Fyi, I have measured the DP, HDMI and USB-A dongles with a USB-C Voltmeter on my 12th gen(no idea how accurate the measurements are but I would expect the magnitude to at least be correct).
So I have the voltmeter plugged into the C-module and then the ones under test.
USB-A, as expected has no power draw by itself. As per the USB-C spec, the dongle only signals a legacy port (with a resistor), which leads the USB-C port to put 5V on the Vbus lines, which on USB-C ports remain dead until you plug in a device. No power draw, as there is nothing attached to Vbus. So if that causes higher power consumption for Framework it should be sth. like a driver issue or an issue of the voltage regulators powering it being inefficient at it.
The DP dongle shows a power draw of 0.005W, after shortly drawing 0.06W.
The HDMI dongle shows a draw of 0.07W after a second or so. It started out with 0.1 I believe. Both seem wasteful, as the dongles should do nothing when the FW is sleeping and nothing is connected, but low enough themselves so that there would have to be some other cause on the mainboard or in SW.
Holy… my FW just went to hibernate after 1h50 with the HDMI module in. Shows High Definition Audio as the culprit FX device and basically no HW sleep at all after I plugged the dongle in (this was after the FW went to sleep).
Now reconfirming without reboot and all USB-C again…
To my understanding (base on what I see with my 11th gen unit), the cards themselves don’t draw a whole lot, if anything…but it’s something that the existence of the card that triggers some internal power draw within the laptop.
After a reboot, the audio driver issues are gone and I am seeing a consumption of 519mW. But the histogram looks pretty much identical to before with the ~450mW numbers.
What exactly do you mean? with the laptop plugged into external power?

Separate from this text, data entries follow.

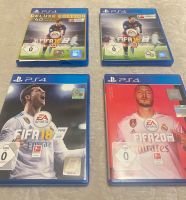 FIFA 16 Deluxe / 18 / 20 Playstation 4 Aachen - Aachen-Mitte Vorschau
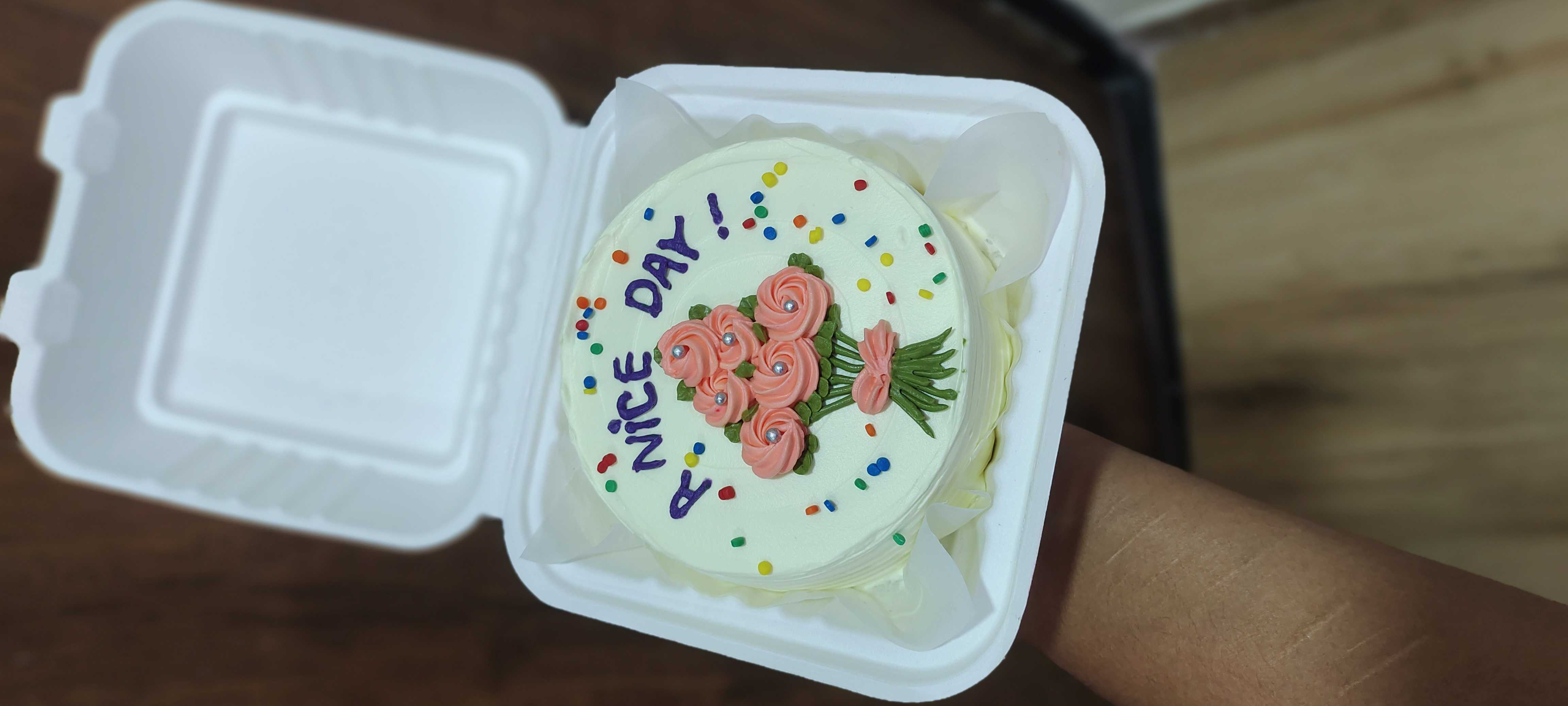 Cake 28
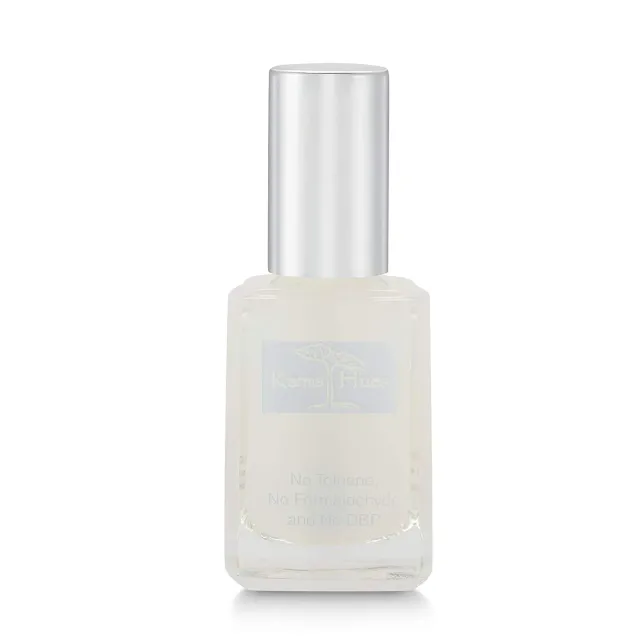 Karma Organic Top Coat smalto opaco lunga tenuta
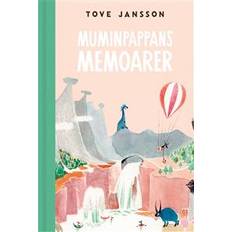 Muminpappans memoarer (E-bok, 2019)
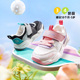 春秋学步鞋 儿童鞋 男女宝宝鞋 基诺浦机能鞋 小童鞋 GW1652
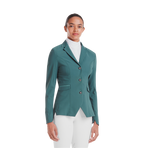 Horse Pilot - Women's Competition Jacket Aeromade Balsam Green | - Ohlala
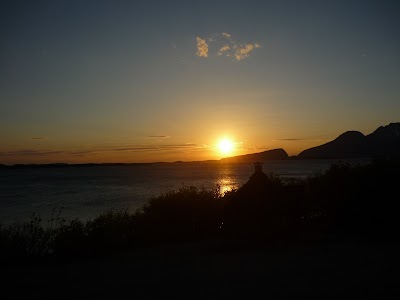 Photos of Sandnessj&oslash;en camping AS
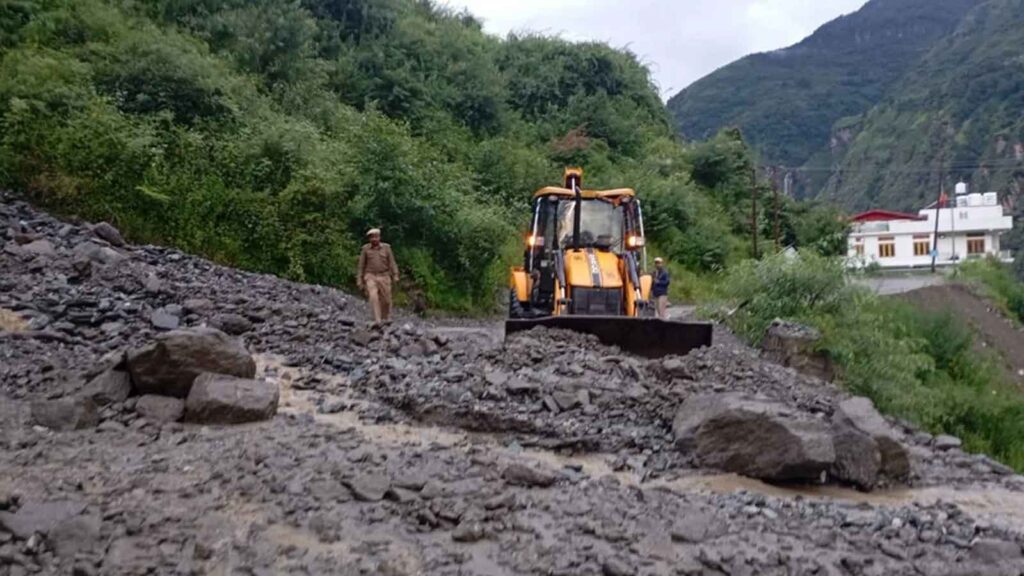 uttarkashi-Havey-Rain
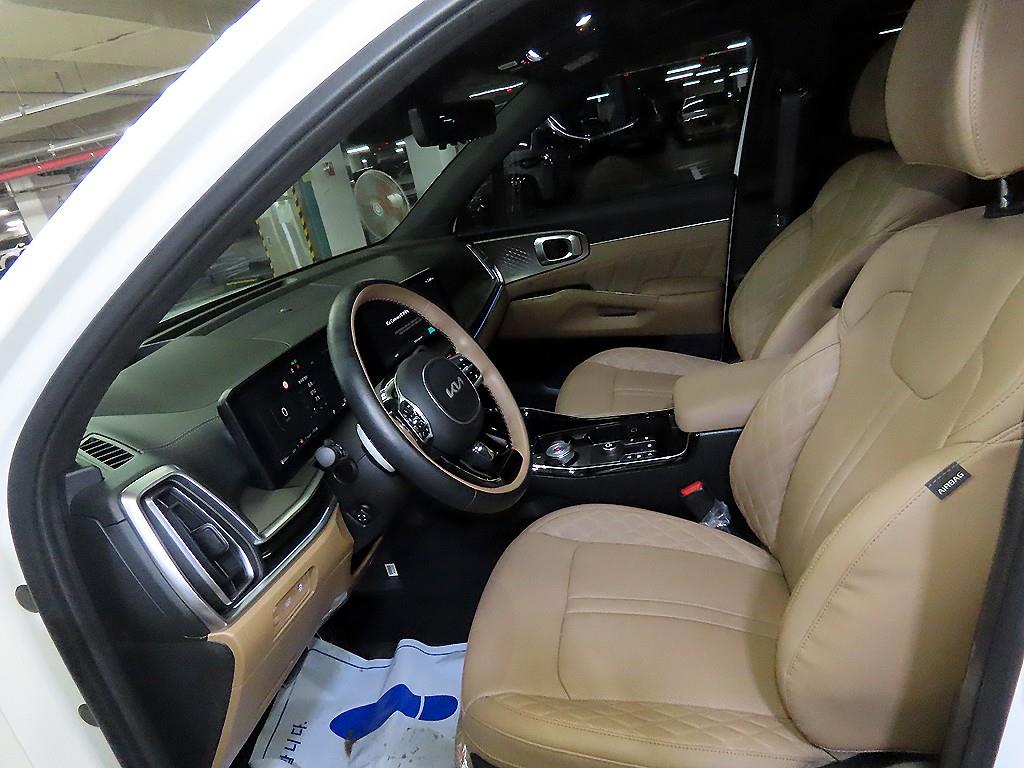 KIA Sorento - Vista 6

I find those readings very much worthless, because the device rarely even enters actual sleep.
I have now spent a while looking at HWInfos battery discharge rate averages while the device is idling. And those seem to still fluctuate a lot because windows keeps on doing things in the background, even on battery.
But overall I would estimate the HDMI dongle causing about 200-300mW of additional power consumption, while DP and USB-A seem to make no difference (while the notebook is still on, screen on, just idling).
2.5W is basically as low as mine gets and I have never seen as little of a power draw when the HDMI dongle was attached.
Using a USB tester in line with the USBC power cable to see the input power used by the system.
I believe this is an accurate way of testing the impact of adding cards on the system given you are not also charging.
I was suggesting to use the same method of testing so the results can be compared directly.
I just realised something about the fingerprint reader when the laptop is in sleep / suspend with Windows.
The fingerprint reader / scanner seems to be powered on when the laptop is in sleep…because if I just place my finger on the scanner, without ‘pressing down’ on the power button, it will wake the system and authenticate to Windows.
Is there a possible option that I can flip / toggle such that the fingerprint reader doesn’t recieve power when the laptop is in sleep / suspend mode?
i.e. I only want the power button to act as a power button, and an LED indicator during sleep.